Eagles

What AFC Championship means for Former Eagles Head Coach Andy Reid

What AFC Championship means for Former Eagles Head Coach Andy Reid

Big Red is going back to the Big Game.

Some 15 years after the Patriots beat the Eagles in Super Bowl XXXIX in Jacksonville, Andy Reid finally has another chance to end more than two decades of ignominy and win his first Super Bowl as a head coach.

With 207 regular-season wins as a head coach, Reid is the winningest coach in NFL history without a championship on his resume.

The Chiefs beat the Titans 35-24 Sunday in the AFC Championship Game in Kansas City and will play in Super Bowl LIV on Feb. 2 in Miami against the winner of the NFC Championship Game between the Packers and 49ers.

Let's take a look at what this win means for Reid, who spent the 1999 through 2012 seasons with the Eagles and took a 1-5 all-time record in conference championship games into Sunday's game.

TWO TEAMS IN THE SUPER BOWL: Reid is only the seventh coach in NFL history to take two teams to a Super Bowl. Among the others is Dick Vermeil, who coached the Eagles in 1980, when they lost to the Raiders in New Orleans, then won it with the Rams in 1999 in Atlanta. The other coaches to take two teams to a Super Bowl are Don Shula (one with Colts, five with Dolphins), Bill Parcells (two with Giants, one with Patriots), Dan Reeves (four with Broncos, one with Falcons), Mike Holmgren (three with Packers, one with Seahawks) and John Fox (one with Panthers, one with Broncos. Only Reeves and Fox didn't win one.

AFC-NFC DAILY DOUBLE: Reid joins Parcells, Reeves and Fox as only the fourth head coach in NFL history to lead an AFC team and an NFC team to the Super Bowl.
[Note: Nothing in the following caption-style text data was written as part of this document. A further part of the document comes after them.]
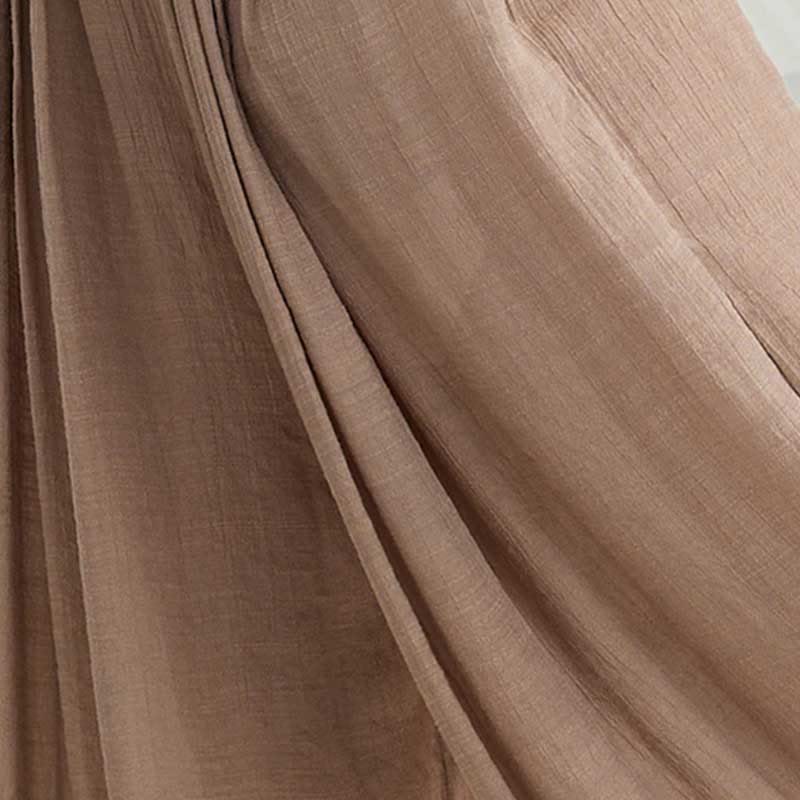 Buddha Stones Solid Color Loose Cotton Linen Wide Leg Pants For Yoga Classical Dance (Extra 35% Off | USE CODE: FS35)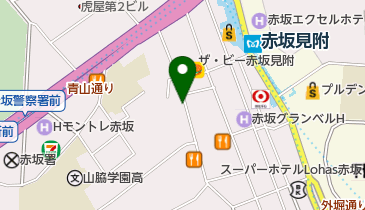 ストレッチ専門店Dr.ストレッチ 赤坂店の地図画像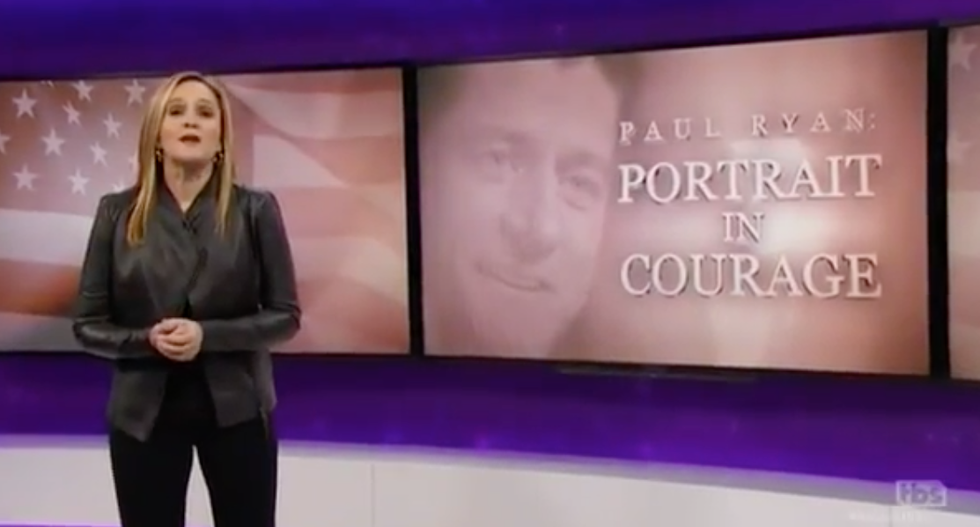 Sam Bee torches ‘brown-noser’ Paul Ryan for helping ‘wildly incompetent bumblef*cks’ take the White House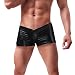 Produktbild Luckycat Herren Boxershorts Slip Unterwäsche Stretch Wetlook Boxer Briefs Shorts Trunk Pants Unterhosen (C, Free Size)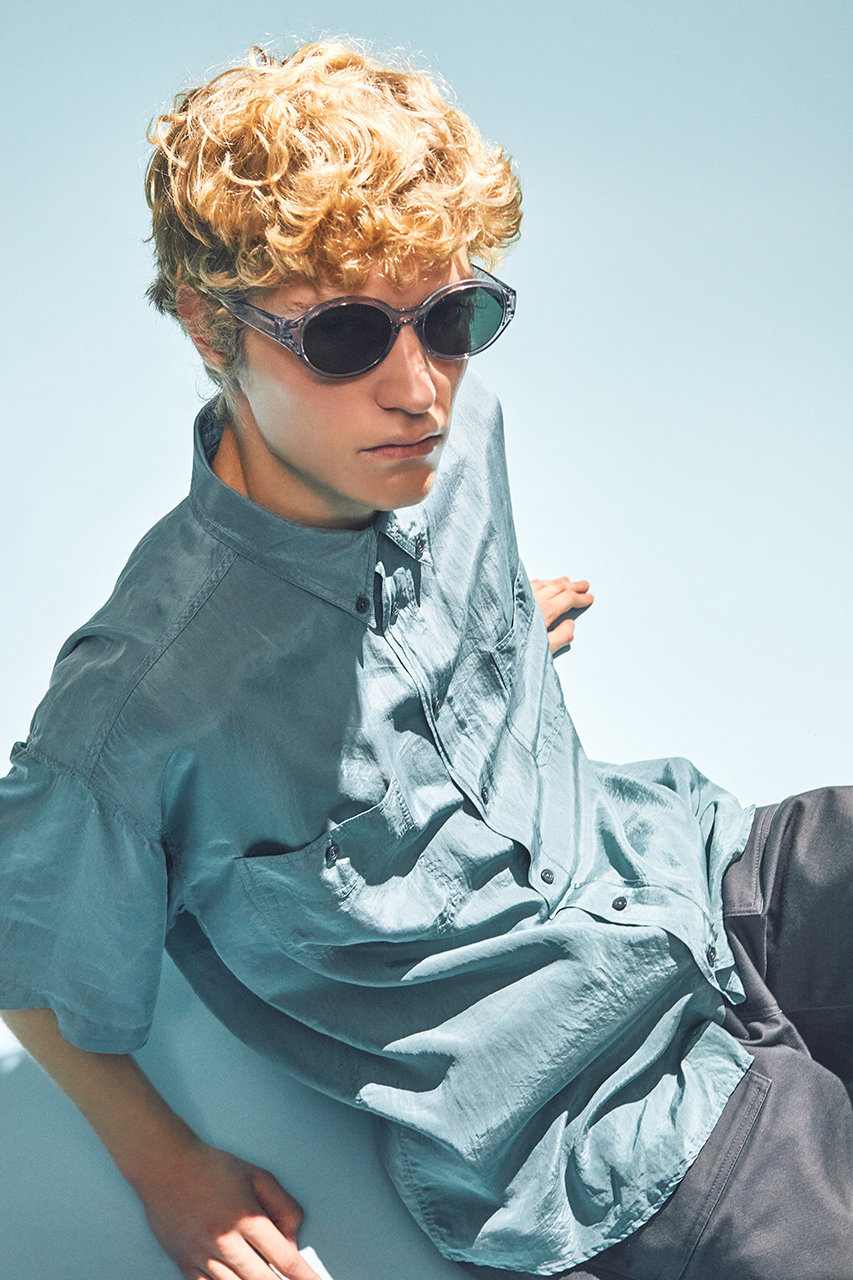 jugaad14 clear light grey  ダークグリーンレンズ jugaad14(ジュガードフォーティーン)｜BAY CLEAR light grey
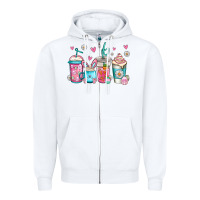 White easter coffee Zipper Hoodie - Jasminsmagicworld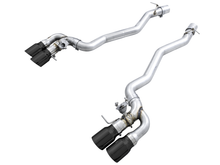 Load image into Gallery viewer, AWE Tuning 18-19 BMW M5 (F90) 4.4T AWD Cat-back Exhaust - Track Edition (Diamond Black Tips) - Black Ops Auto Works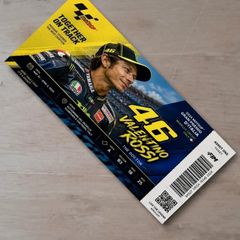 Valentino RossiSouvenir Ticket 2024 Moto Gp Italy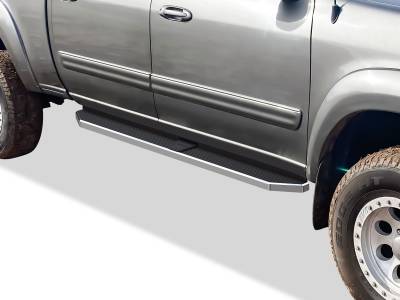 APS - APS IB20RJA2Y H-Series Running Boards Polish for 04-06 Toyota Tundra Double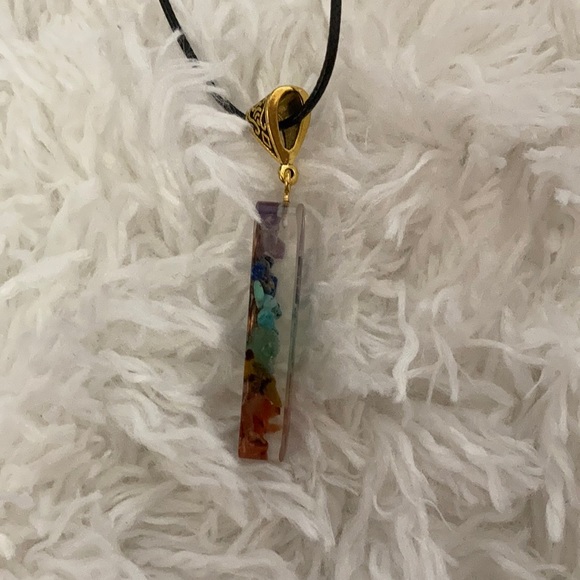 Chakra crystal necklace - Picture 4 of 5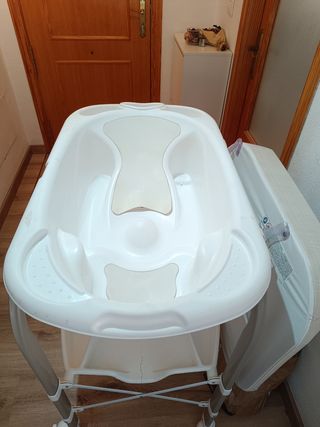Bañera cambiador bebé plegable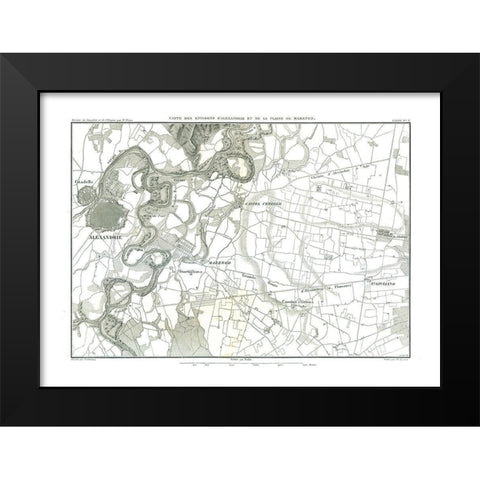 Alexandrie Marengo Italy - Thiers 1866 Black Modern Wood Framed Art Print by Thiers
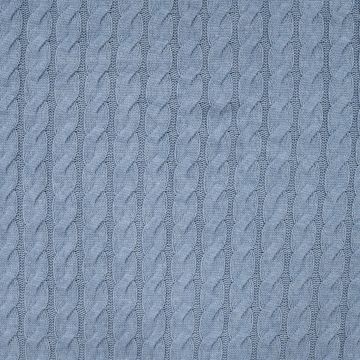 Gebreide kabel lichtblauw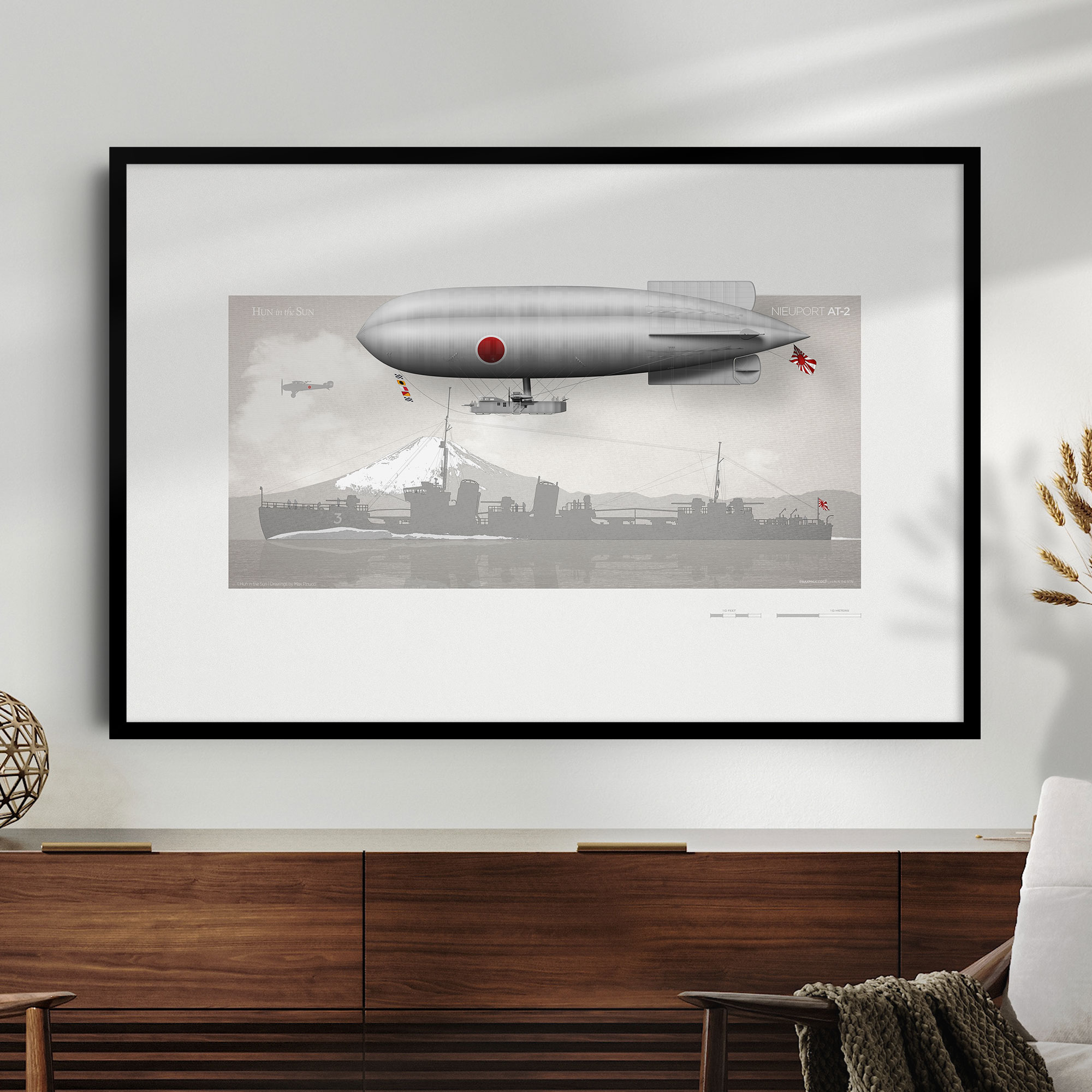 Airship Poster - Nieuport AT-2 Blimp - Museum-Quality Vintage Aviation Wall Art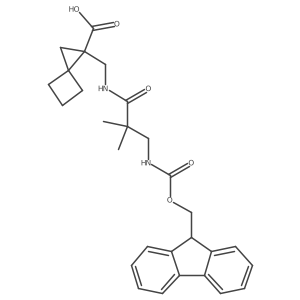 1-{[3-({[(9H-fluoren-9-yl)methoxy]carbonyl}amino)-2,2-dimethylpropanamido]methyl}spiro[2.3]hexane-1-carboxylic acid Structure
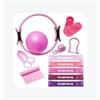 Generico Set Pilates | Allenamento Completo, Tappetino Incluso, 5 Fasce Resistenza, Per Tutti i Livelli, Uso Domestico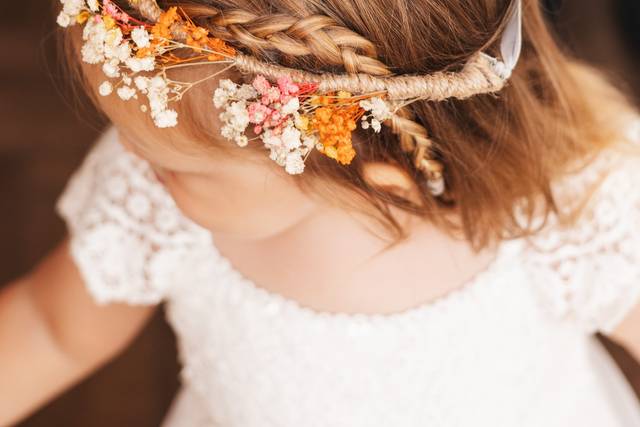 Flower girl hair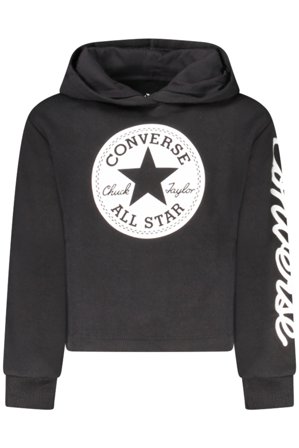 Converse Felpa Senza Zip Bambina Nero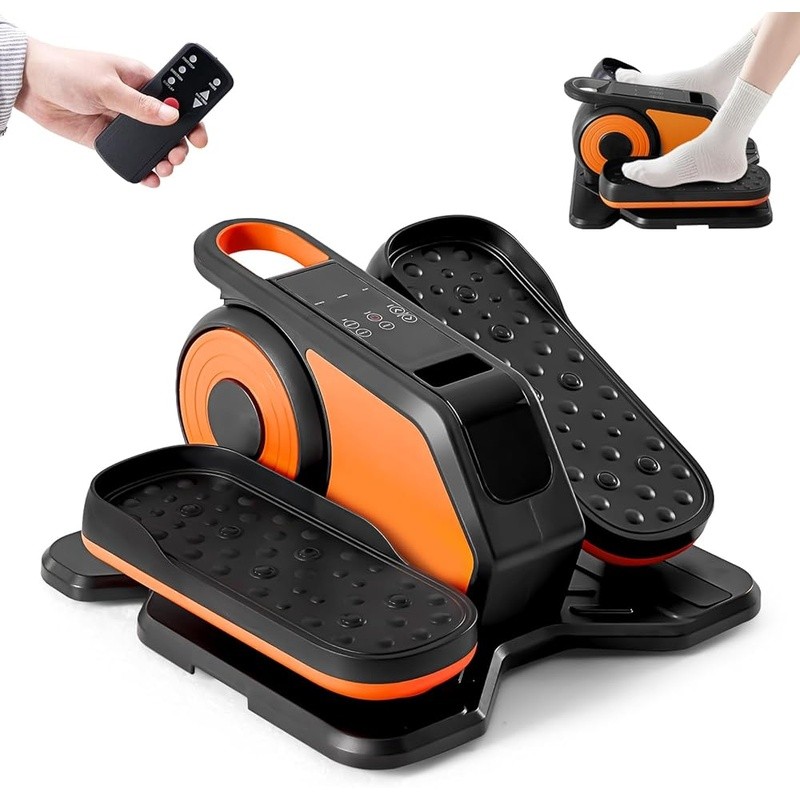 Compact Mini Elliptical Machine 12 Speed Remote Control Low Noise Workout New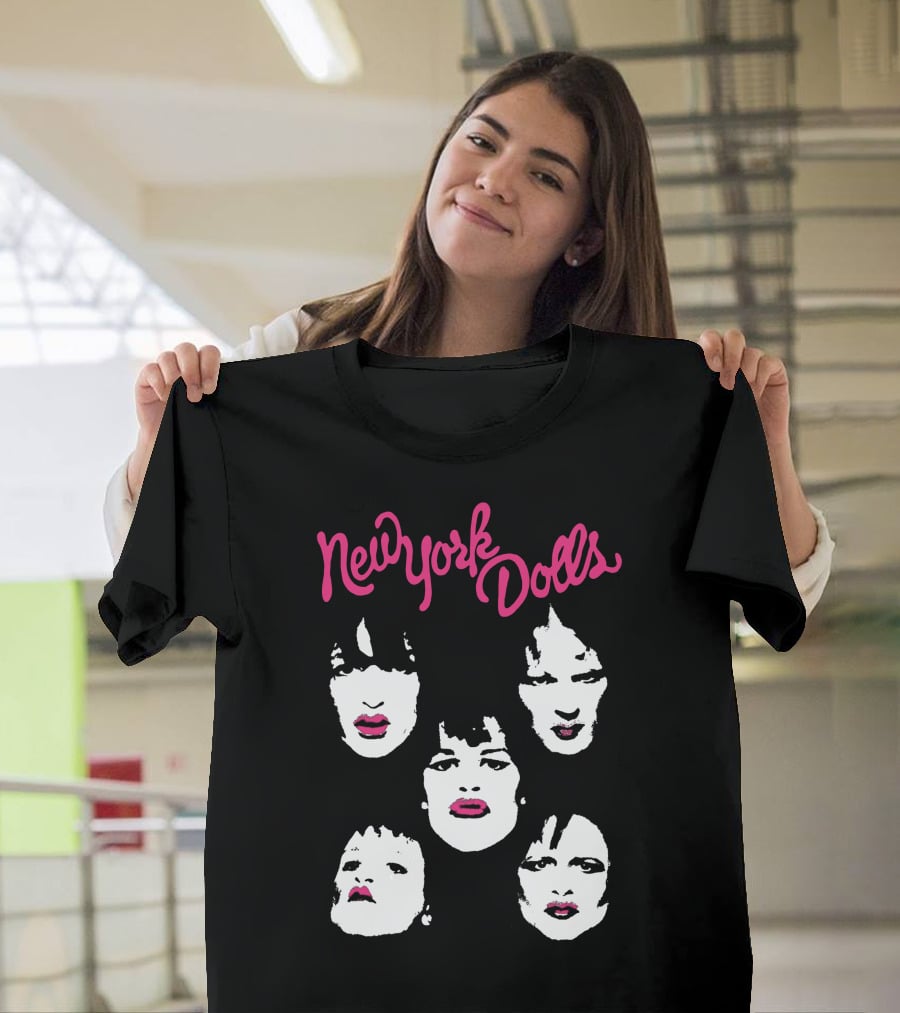 New York Dolls Band Faces T-Shirt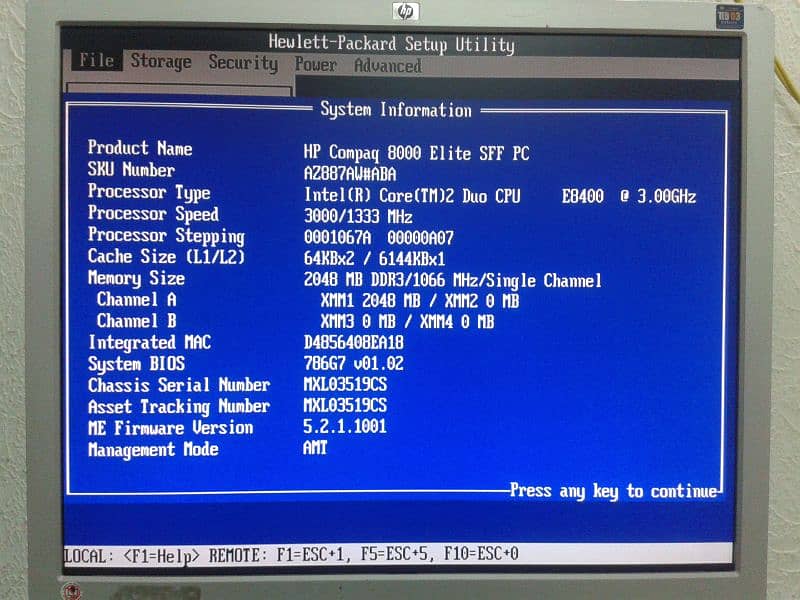 HP Desktop used ok best condition 2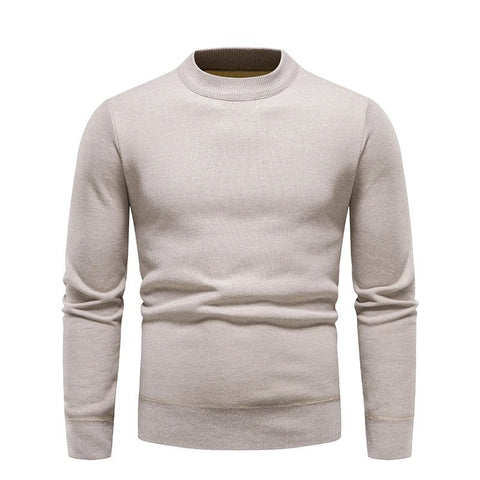 Esteban - Bequemer, schlichter Rundhals-Pullover für Herren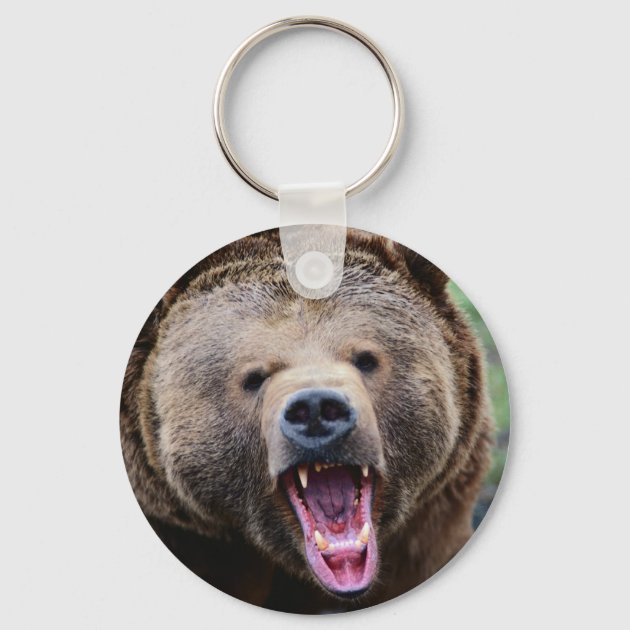 Grizzly deals bear keychain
LONGEST DROUGHT EVER: The 15-year span from Reid’s first Super Bowl to his second is the second-longest ever, behind Vermeil’s 19-year span. But Vermeil only coached four years in between Super Bowl appearances. In terms of actual coaching seasons, Reid’s 15-year span — 14 seasons without a Super Bowl appearance between his first and second — is the longest ever.

ELITE COMPANY: Reid is now one of only four coaches in NFL history with 200 regular-season wins and 14 postseason wins. The others are Bill Belichick, Tom Landry and Don Shula.

MOVING PAST 5 TITLE GAME LOSSES: On Sunday, Reid became the 24th coach in NFL history to win two conference title games, and he improved his all-time record in conference title games to 2-5.

GETTING CLOSE AGAIN: Reid has coached 28 playoff games - 4th-most in history behind Belichick (43), Landry (36) and Shula (36). He's the only one in that group without a Super Bowl win. The only other coaches to coach 20 postseason games without a Super Bowl win are Grant (22) and Reeves (20)

WHICH WAY WILL IT GO? Looking ahead to Miami, Big Red has the most career postseason wins in NFL history without a championship at 14. Of the 23 head coaches in NFL history with at least nine postseason wins only Dan Reeves (11), Marv Levy (11) and Bud Grant (10) also haven’t won a title.

DON'T WANT TO BE IN A CLUB WITH SCHOTTENHEIMER: Reid’s 207 career wins with the Eagles and Chiefs are 7th-most in NFL history and most by a coach without a championship. Next on that list is Marty Schottenheimer with 200 and then Dan Reeves (190), Chuck Knox (186) and Jeff Fisher (173).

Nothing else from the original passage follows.